The Reconquest of Cool

New Wave Coffee

After years of destructive dominance, Starbucks is getting its butt kicked by indy coffee shops.

For centuries, coffeehouses have been the epicenters of counter-culture. Their caffeinated brews served as a refuge for radicals and fueled debates about politics, culture and arts. Capitalizing on this historical significance, Starbucks crashed the scene in the 1990s with an aggressive expansionist agenda. It rapidly flooded the market, replacing the social and intellectual dynamism of coffee shop culture with a top-down illusion of community.

But after a decade of dominance, the Starbucks global monolith is crumbling. Last year, the corporate coffee giant saw stocks plunge, competition increase and general confidence in the company dwindle.

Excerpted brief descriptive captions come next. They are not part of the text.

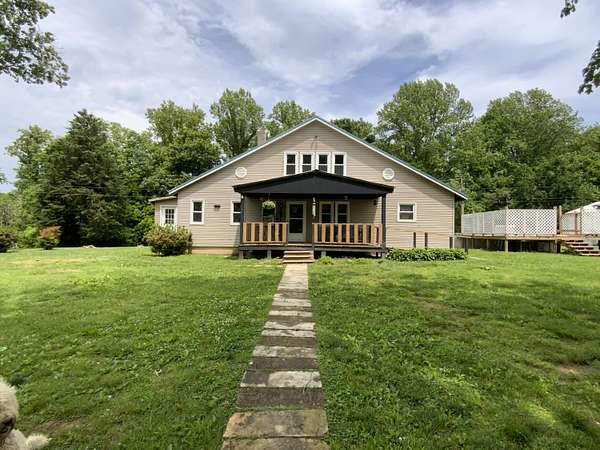 16.2 Acres of Land with Home for Sale in Liberty, Kentucky
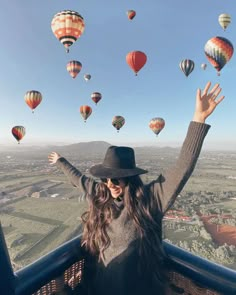 a woman with her hands up in the air surrounded by hot air balloons flying overhead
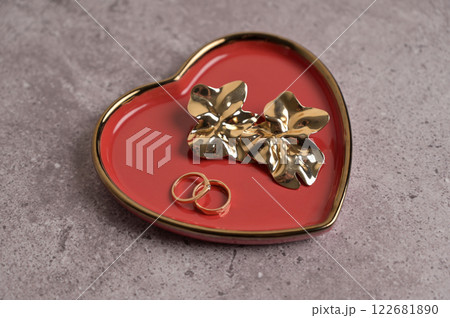 Couple of wedding golden rings and earrings on red heart shape ceramic plate with a gold rim. Gray concrete background. Valentine's Day, marriage, wedding 122681890
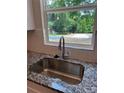 Close-up of a stainless steel kitchen sink with granite countertops, complemented by a window view of the backyard at 242 North Ave, Troutman, NC 28166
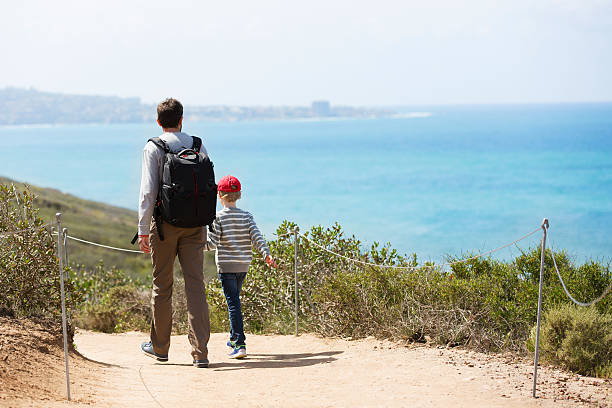 family hiking young active family of two hiking in torrey pines state natural reserve, concept of active and healthy lifestyle torrey pines state reserve stock pictures, royalty-free photos & images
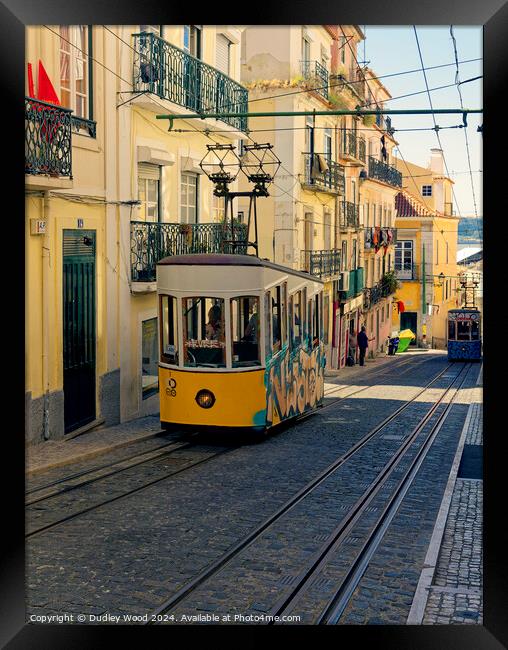 Lisbon tram Framed Print by Dudley Wood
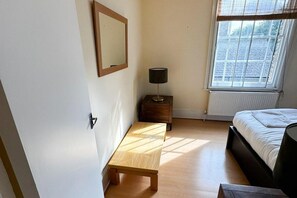 A bedroom with a bed, a bedside table with a lamp, a window with blinds, and a door. - Stockwell Central Apartment C (London)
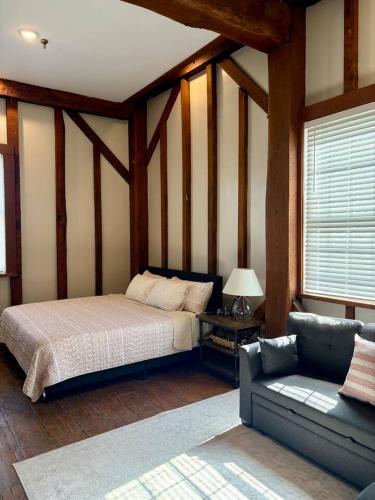 a bedroom with a bed and a couch in a room at Riverbend Suite - Potter’s Mill in Bellevue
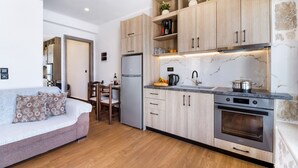 A modern kitchen with wooden cabinets, a built-in oven, and a marble backsplash. - Apartment with Pool View, Sea View, Wi-Fi & Terrace (?e???da)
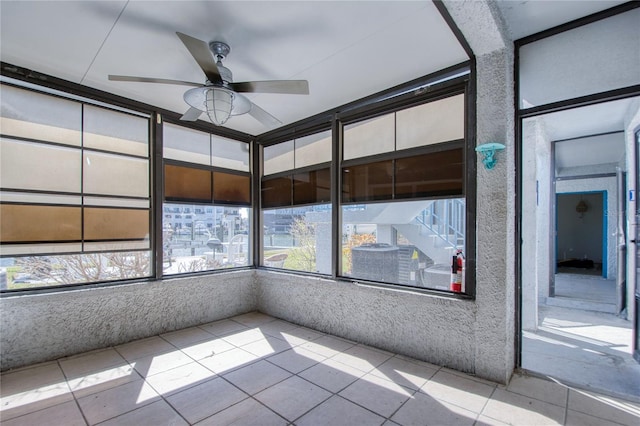 unfurnished sunroom with ceiling fan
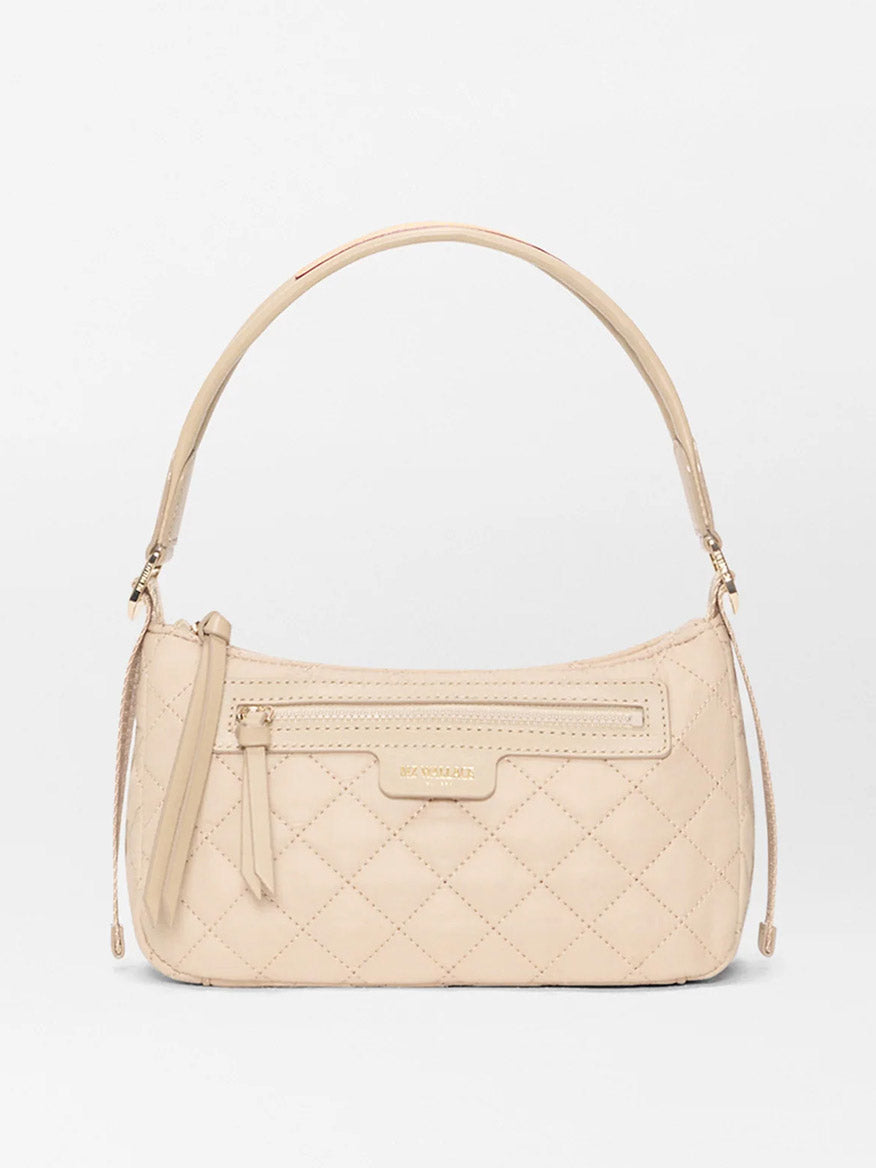 The MZ Wallace Small Park Shoulder Bag in Buff Oxford is a beige quilted purse with a curved strap, front zipper pocket, and gold-toned hardware, shown on a plain white background.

Sir Paul McCartney, one of the highest profile musicians signed to the Starbucks' Hear Music label, even admitted that he prefers his cup of joe from independent coffee shops. "I go to the café next door to one of the Starbucks, to my everlasting shame," he told the media.

It seems the more Starbucks expands, the more its mystique is falling apart. No longer caught up in the whirlwind of Starbucks hype, coffee drinkers are becoming increasingly dissatisfied with the homogenized, cookie- cutter culture that has taken over their neighborhoods.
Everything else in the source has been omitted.